The Beatles had arrived in America by then, prior to that we were mostly an instrumental band like the Ventures, we played their arrangements of Walk Don't Run, Perfidia and a few I wrote, all good hard driving dance tunes.  With the Beatles though we had to do more vocals and none of us wanted to sing, Weber was the only good singer amongst us and we had done a few songs like Abaline, Walk Right In.  But the Beatles not only sang, they sang harmonies, none of us had ever done that.  So, we wound up with my kids voice which I hated, trying to sing "Twist and Shout"  "Money" and my favorite: "What I Say" by Ray Charles.  I would always turn the words around and put Steen and Green in there like "See the guy named Dennis Green, he went out with Barbra Breen" and such mischief.

 

So, via Bob Steen we added Art Thayer from Riverton, WY as yet another guitarist and a drummer from Rock River WY that I can't recall his name because we always called him "Ding".  He was very small but was also a great dancer so he taught us cool moves to make while we were playing much like "Paul Revere & the Raiders" were doing.
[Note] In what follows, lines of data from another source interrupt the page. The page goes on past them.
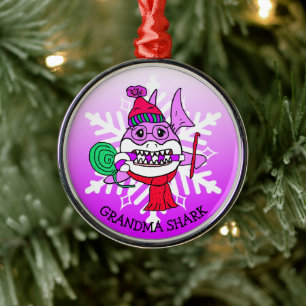 Schattige gepersonaliseerde Grandma Shark en Snowf Metalen Ornament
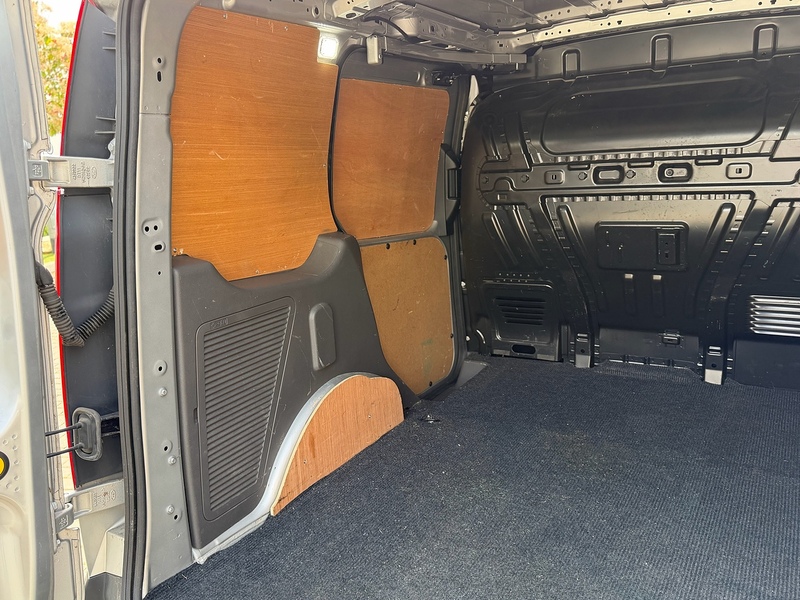 Ford Transit Connect 240 EcoBlue Limited - U2255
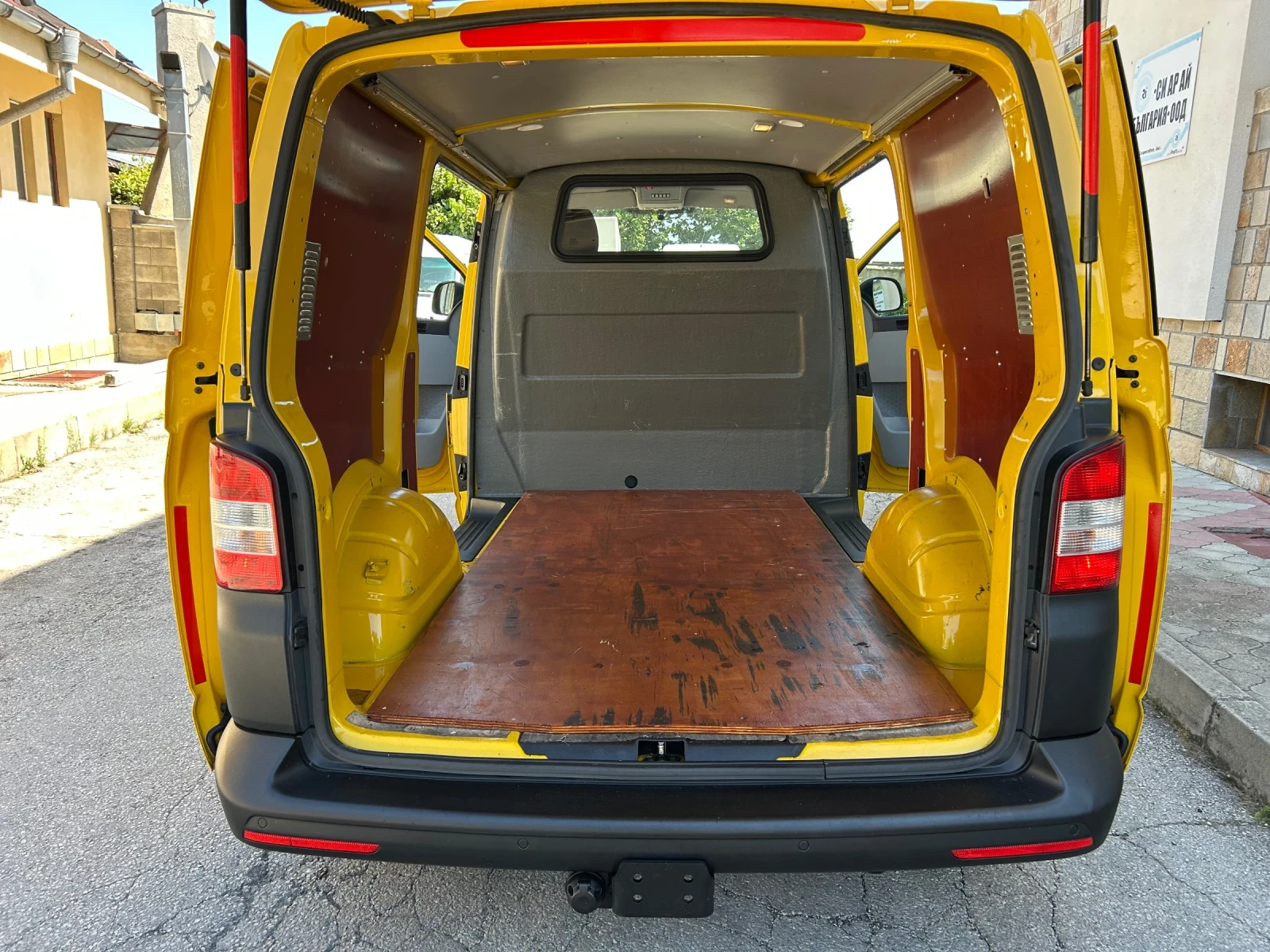 VW Transporter 2.0TDI * ДВЕ СТР. ВРАТИ* , снимка 14 - Бусове и автобуси - 55617561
Art Thayer pushed us into being a more of a showy band which was good and expand our music to include the "Rolling Stones" which I never liked although they finally would up with several good songs and into writing our own tunes.  We also became "The Fabulous Fugitives" still a little chicken about using the name Teton Rocks.

 

My dad is from the era, drought & great depression, where you collect anything that can be fixed, converted or reused somehow. So there were always a lot of raw materials to draw from. I built a light show with some boards, switches, wire and a bunch of sockets.  Getting the colored spots were a little harder because no one ever had any money.  Although whenever we played a dance we would each end up with about $45 which was great pay when most kids were making $50 every two weeks working 40 hrs per week.  Problem was it was difficult having enough dances and we always needed someone we could trust to take tickets and be our bouncer.  Big Dave Edminston often filled that role, every one called him "Oop" for the cartoon character "Alley Oop" who was a big strong cave man transported in a time machine to our future.

 

As I look back on these pictures, we had a good looking band, Dennis had no idea how good looking he was and couldn't figure out why he was always swamped with girls.  He had a white Fender Stratocaster and a 57 Chevy which at the time were nice things but not considered collectibles back then, so as he moved into adulthood, all were sold or given away for a song.

 

I made a far more significant error, I didn't have a single picture of any of the bands.  Dennis Greens family took some which have never been found, and Bob Weber's family took a few, so out of five years of the band, I have no recordings and not one picture until a few years ago when Weber showed up with his during our reunion.

 

Weber on drums, Byron on lead with the goofy hat, Steen on Bass and Green on Rhythm with his Strat.